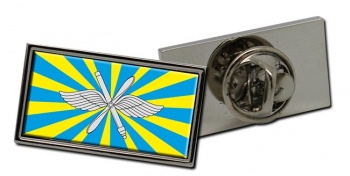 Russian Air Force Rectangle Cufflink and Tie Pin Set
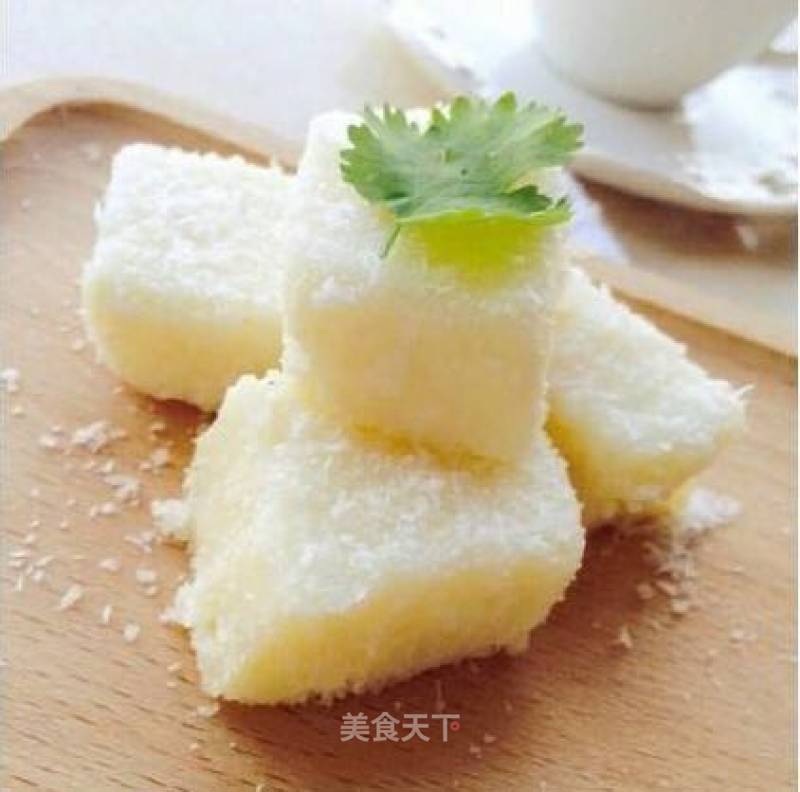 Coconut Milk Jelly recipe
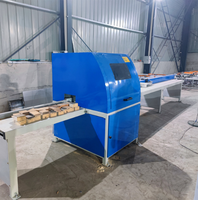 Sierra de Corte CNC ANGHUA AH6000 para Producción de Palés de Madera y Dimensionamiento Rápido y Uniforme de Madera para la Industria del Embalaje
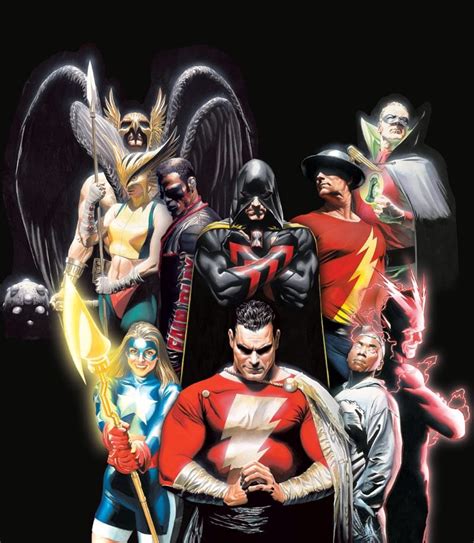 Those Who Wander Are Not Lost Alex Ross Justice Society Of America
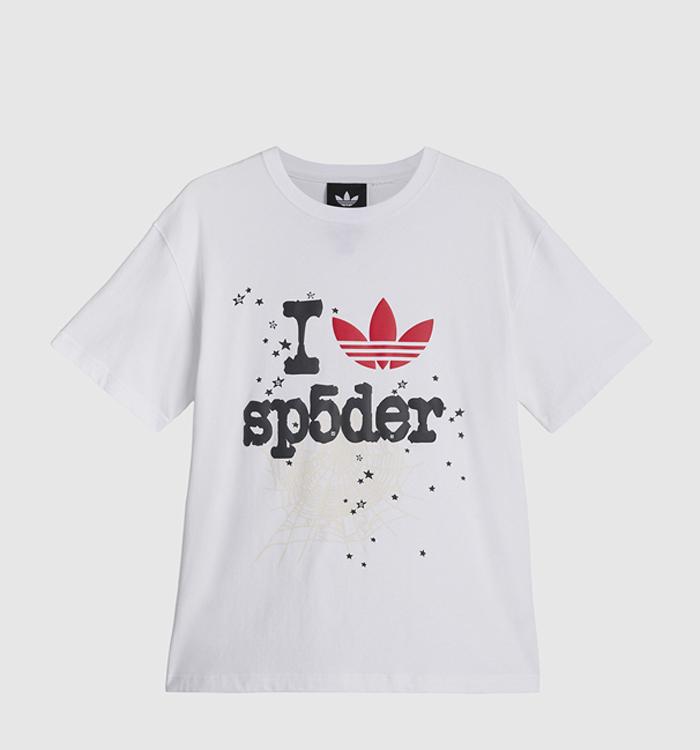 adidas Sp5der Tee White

◆ WHAT THE EXERCISE ASKS: Please transcribe all of the records above exactly, leaving out any pictures.

◆ TASK OUTPUT:
 Russian Air Force Rectangle Cufflink and Tie Pin Set
 Coconut Milk Jelly recipe
 Sierra de Corte CNC ANGHUA AH6000 para Producción de Palés de Madera y Dimensionamiento Rápido y Uniforme de Madera para la Industria del Embalaje
 Those Who Wander Are Not Lost Alex Ross Justice Society Of America
 adidas Sp5der Tee White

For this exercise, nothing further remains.